*Try it*.
The lines to transcribe begin with the one containing "2020 Acura MDX" and end with the last line below; reproduce them exactly, without the pictures.

[[ Records supplied open ]]

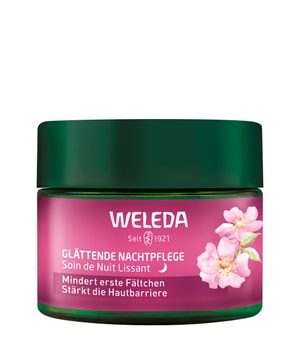 undefined, Weleda Nachtpflege glättend Wildrose & Weisser Tee 40 ml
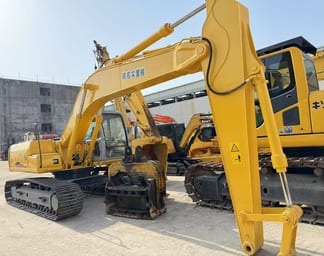 2016 Sumitomo SH200 Crawler Excavator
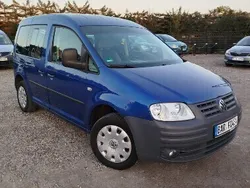 VW Caddy
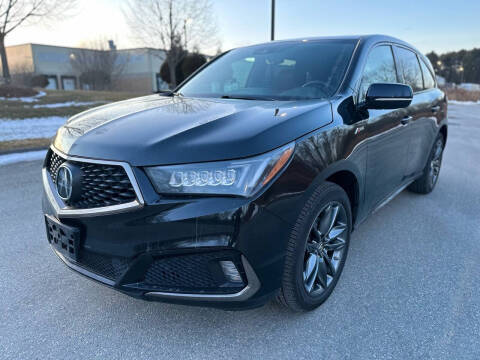 2020 Acura MDX for sale at South Shore Auto Gallery Inc in Abington MA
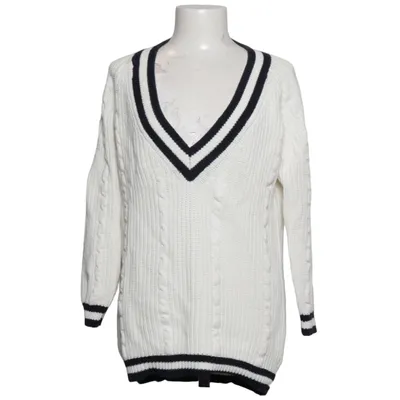 Sweater (Hvid, Sort) fra Kangol
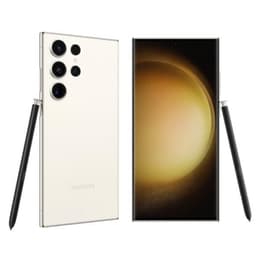 Galaxy S23 Ultra 256GB - Beige - Ohne Vertrag
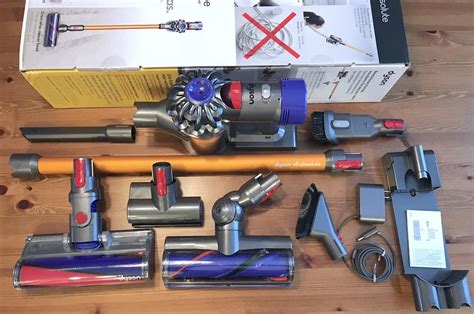 Dyson V8 Absolute cordless vacuum cleaner reviewed | Best Buy Blog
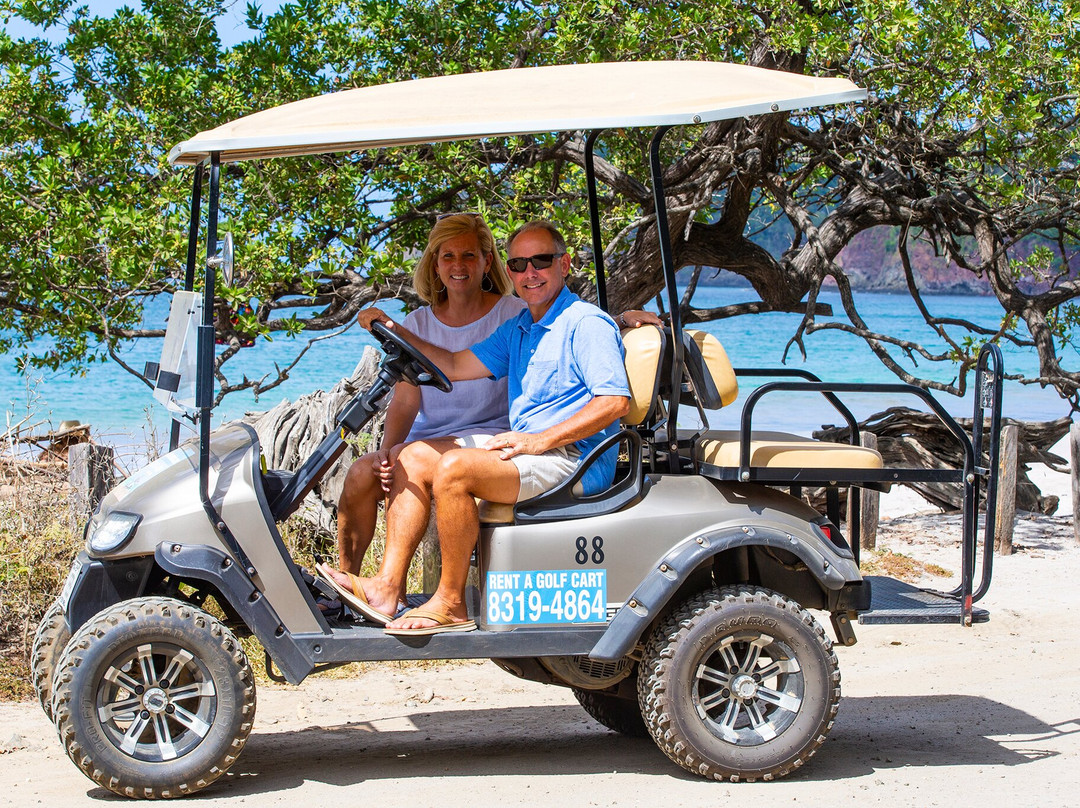 Rent a Golf Cart Costa Rica-波特雷罗必去景点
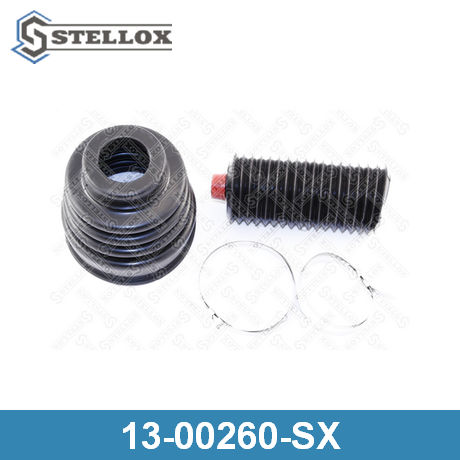 13-00260-SX STELLOX STELLOX  Пыльник ШРУСа приводного вала (комплект)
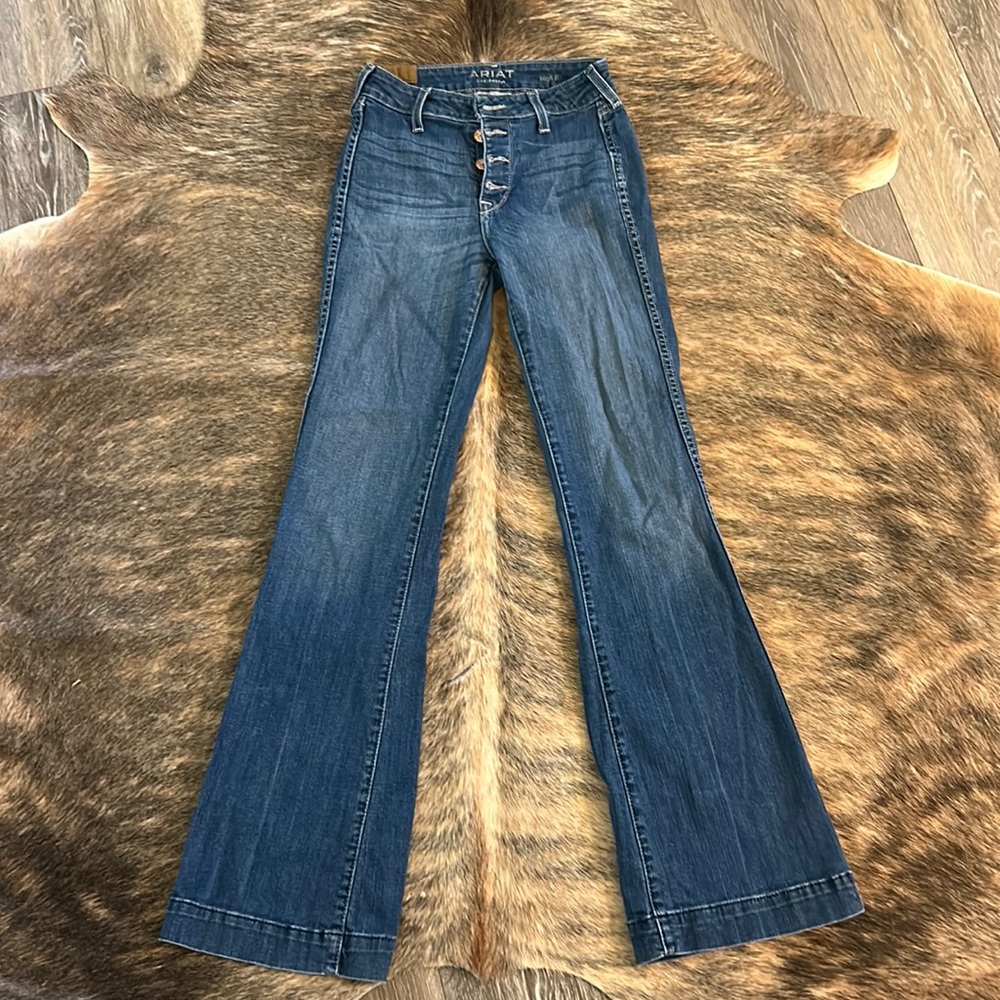 Ariat slim trouser 26R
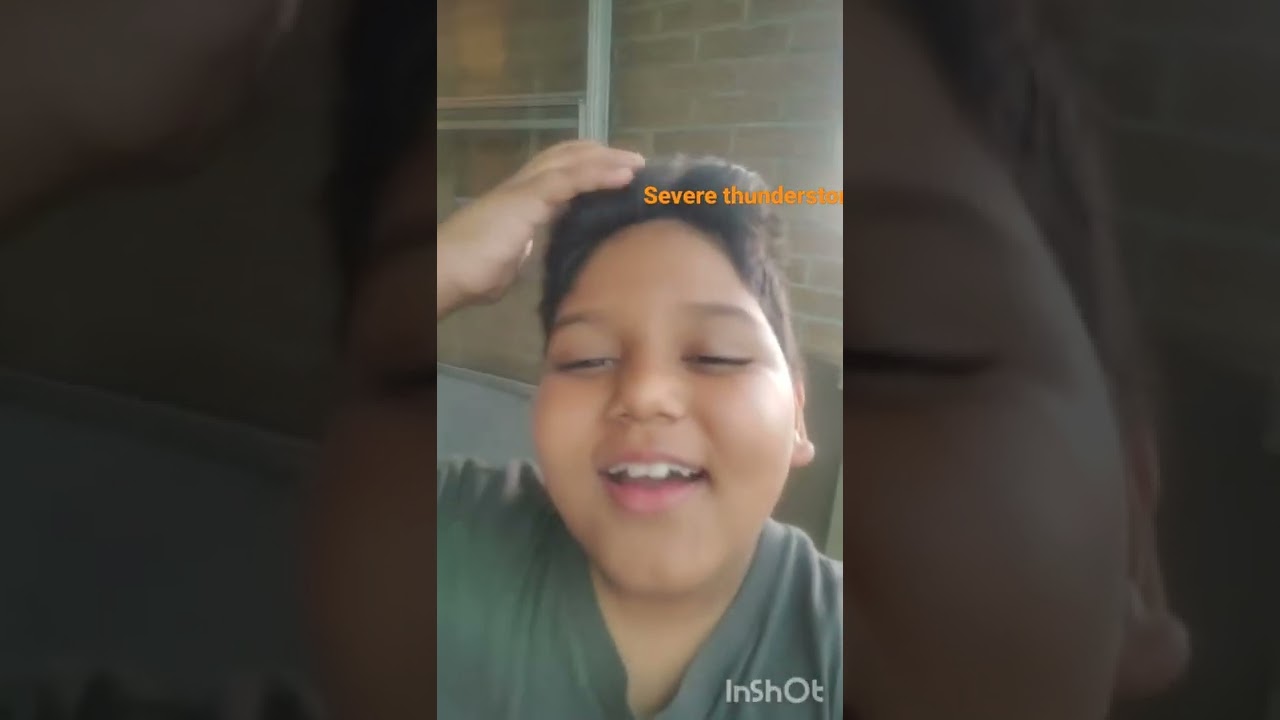 Severe thunderstorm ontario canada 2022| hope everybody is safe 🙏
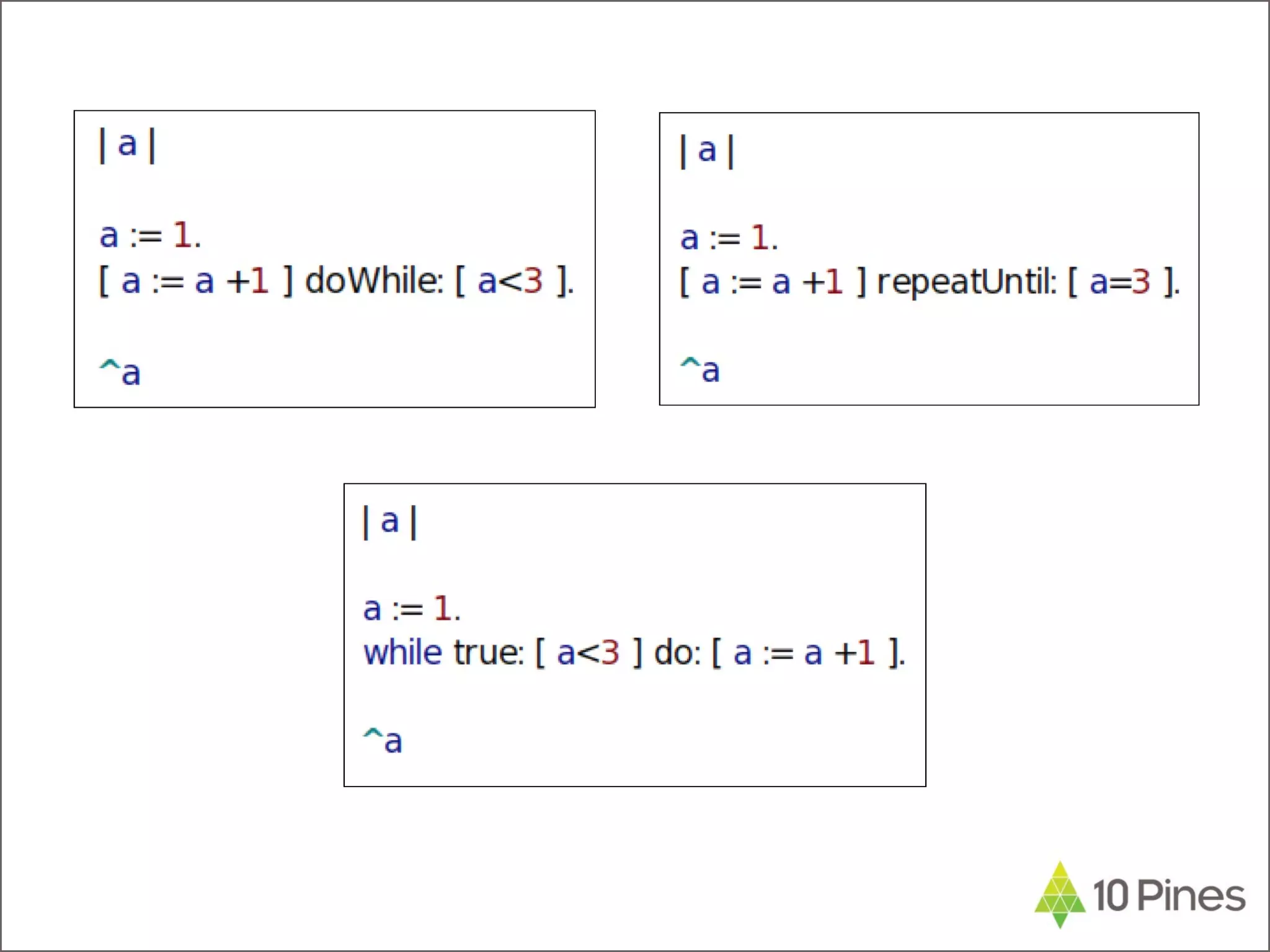 Augmenting Smalltalk Syntax | PPT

[[ Records supplied closed ]]

*Exercise answer*.
 2020 Acura MDX for sale at South Shore Auto Gallery Inc in Abington MA
 Sweater (Hvid, Sort) fra Kangol
 Galaxy S23 Ultra 256GB - Beige - Ohne Vertrag
 Dyson V8 Absolute cordless vacuum cleaner reviewed | Best Buy Blog
 Rent a Golf Cart Costa Rica-波特雷罗必去景点
 13-00260-SX STELLOX STELLOX  Пыльник ШРУСа приводного вала (комплект)
 Ariat slim trouser 26R
 Severe thunderstorm ontario canada 2022| hope everybody is safe 🙏
 Augmenting Smalltalk Syntax | PPT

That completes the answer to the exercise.